Atmospheric Chemistry and Physics (Apr 2009)
The impact of weather and atmospheric circulation on O<sub>3</sub> and PM<sub>10</sub> levels at a rural mid-latitude site
Abstract
In spite of the strict EU regulations, concentrations of surface ozone and PM10 often exceed the pollution standards for the Netherlands and Europe. Their concentrations are controlled by (precursor) emissions, social and economic developments and a complex combination of meteorological actors. This study tackles the latter, and provides insight in the meteorological processes that play a role in O3 and PM10 levels in rural mid-latitudes sites in the Netherlands. The relations between meteorological actors and air quality are studied on a local scale based on observations from four rural sites and are determined by a comprehensive correlation analysis and a multiple regression (MLR) analysis in 2 modes, with and without air quality variables as predictors.
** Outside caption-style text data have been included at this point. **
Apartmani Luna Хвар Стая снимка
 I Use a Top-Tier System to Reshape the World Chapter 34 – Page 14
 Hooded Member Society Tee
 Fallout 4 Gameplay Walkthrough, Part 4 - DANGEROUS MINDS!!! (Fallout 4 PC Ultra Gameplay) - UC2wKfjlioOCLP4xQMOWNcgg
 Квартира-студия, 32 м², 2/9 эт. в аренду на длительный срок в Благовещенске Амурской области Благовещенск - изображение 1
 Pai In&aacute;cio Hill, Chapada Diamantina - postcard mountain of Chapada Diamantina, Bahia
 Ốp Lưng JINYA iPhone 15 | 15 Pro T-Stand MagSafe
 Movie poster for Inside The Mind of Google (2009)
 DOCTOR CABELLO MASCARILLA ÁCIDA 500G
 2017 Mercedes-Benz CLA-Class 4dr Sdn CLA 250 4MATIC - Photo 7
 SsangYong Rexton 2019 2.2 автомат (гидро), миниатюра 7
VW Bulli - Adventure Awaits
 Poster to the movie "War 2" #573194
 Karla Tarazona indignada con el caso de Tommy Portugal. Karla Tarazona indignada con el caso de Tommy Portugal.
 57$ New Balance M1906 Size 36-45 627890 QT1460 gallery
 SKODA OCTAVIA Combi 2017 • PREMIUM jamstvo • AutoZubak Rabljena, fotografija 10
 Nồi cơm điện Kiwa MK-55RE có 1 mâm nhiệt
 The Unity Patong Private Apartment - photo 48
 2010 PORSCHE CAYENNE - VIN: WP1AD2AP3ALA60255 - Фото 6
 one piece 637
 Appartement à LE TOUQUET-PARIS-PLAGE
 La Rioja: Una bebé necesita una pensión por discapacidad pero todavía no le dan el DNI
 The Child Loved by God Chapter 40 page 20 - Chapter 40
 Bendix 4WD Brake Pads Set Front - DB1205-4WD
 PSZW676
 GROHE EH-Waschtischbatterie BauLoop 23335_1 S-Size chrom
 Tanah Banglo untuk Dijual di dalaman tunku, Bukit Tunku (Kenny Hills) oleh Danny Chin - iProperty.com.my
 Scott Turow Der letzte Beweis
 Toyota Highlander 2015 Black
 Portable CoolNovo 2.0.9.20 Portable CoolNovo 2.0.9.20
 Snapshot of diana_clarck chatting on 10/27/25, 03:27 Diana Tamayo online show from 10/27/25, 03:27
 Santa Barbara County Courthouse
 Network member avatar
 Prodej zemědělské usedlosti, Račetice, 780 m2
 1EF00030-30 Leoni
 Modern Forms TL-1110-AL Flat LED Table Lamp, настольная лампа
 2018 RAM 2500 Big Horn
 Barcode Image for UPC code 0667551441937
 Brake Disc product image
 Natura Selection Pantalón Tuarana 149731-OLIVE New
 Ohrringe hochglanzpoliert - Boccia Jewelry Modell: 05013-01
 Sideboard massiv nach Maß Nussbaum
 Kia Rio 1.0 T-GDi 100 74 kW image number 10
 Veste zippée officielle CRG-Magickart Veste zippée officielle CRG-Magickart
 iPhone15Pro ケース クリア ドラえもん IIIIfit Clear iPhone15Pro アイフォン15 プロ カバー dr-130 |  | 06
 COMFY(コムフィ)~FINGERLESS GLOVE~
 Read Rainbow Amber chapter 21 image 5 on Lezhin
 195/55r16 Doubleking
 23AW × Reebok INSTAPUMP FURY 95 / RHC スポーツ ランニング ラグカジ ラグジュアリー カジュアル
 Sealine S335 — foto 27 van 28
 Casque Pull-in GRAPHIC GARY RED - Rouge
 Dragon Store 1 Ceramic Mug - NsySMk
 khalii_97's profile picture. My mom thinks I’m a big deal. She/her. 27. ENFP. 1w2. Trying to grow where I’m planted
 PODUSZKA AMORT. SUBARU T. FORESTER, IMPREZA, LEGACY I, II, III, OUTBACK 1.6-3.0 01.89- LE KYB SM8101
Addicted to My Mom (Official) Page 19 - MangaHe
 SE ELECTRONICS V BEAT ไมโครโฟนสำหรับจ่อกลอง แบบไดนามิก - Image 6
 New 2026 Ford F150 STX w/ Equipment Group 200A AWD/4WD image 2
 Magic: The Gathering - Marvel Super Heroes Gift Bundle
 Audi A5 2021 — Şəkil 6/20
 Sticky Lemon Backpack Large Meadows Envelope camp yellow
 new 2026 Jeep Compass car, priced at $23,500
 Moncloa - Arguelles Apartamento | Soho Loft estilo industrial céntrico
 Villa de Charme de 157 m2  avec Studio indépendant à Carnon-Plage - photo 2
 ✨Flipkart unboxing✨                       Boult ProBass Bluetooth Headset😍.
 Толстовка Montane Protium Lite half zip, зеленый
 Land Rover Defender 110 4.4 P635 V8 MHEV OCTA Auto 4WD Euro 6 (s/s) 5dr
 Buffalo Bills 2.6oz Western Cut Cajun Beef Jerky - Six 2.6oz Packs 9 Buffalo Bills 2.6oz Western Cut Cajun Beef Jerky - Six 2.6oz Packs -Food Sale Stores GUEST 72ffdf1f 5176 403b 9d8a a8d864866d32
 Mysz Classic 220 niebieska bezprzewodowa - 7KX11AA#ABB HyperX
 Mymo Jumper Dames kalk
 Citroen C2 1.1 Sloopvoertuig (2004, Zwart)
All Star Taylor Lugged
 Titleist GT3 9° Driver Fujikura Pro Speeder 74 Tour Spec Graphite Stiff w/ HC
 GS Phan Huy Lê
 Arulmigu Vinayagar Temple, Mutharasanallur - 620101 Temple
Furthermore, the objective Lamb Weather Type approach is used to assess the influence of the large-scale circulation on air quality. Keeping in mind its future use in downscaling future climate scenarios for air quality purposes, special emphasis is given to an appropriate selection of the regressor variables readily available from operational meteorological forecasts or AOGCMs (Atmosphere-Ocean coupled General Circulation Models). The regression models perform satisfactory, especially for O3, with an (R2 of 57.0% and 25.0% for PM10. Including previous day air quality information increases significantly the models performance by 15% (O3) and 18% (PM10). The Lamb weather types show a seasonal distinct pattern for high (low) episodes of average O3 and PM10 concentrations, and these are clear related with the meteorology-air quality correlation analysis. Although using a circulation type approach can provide important additional physical relations forward, our analysis reveals the circulation method is limited in terms of short-term air quality forecast for both O3 and PM10 (R2 between 0.12 and 23%). In summary, it is concluded that the use of a regression model is more promising for short-term downscaling from climate scenarios than the use of a weather type classification approach.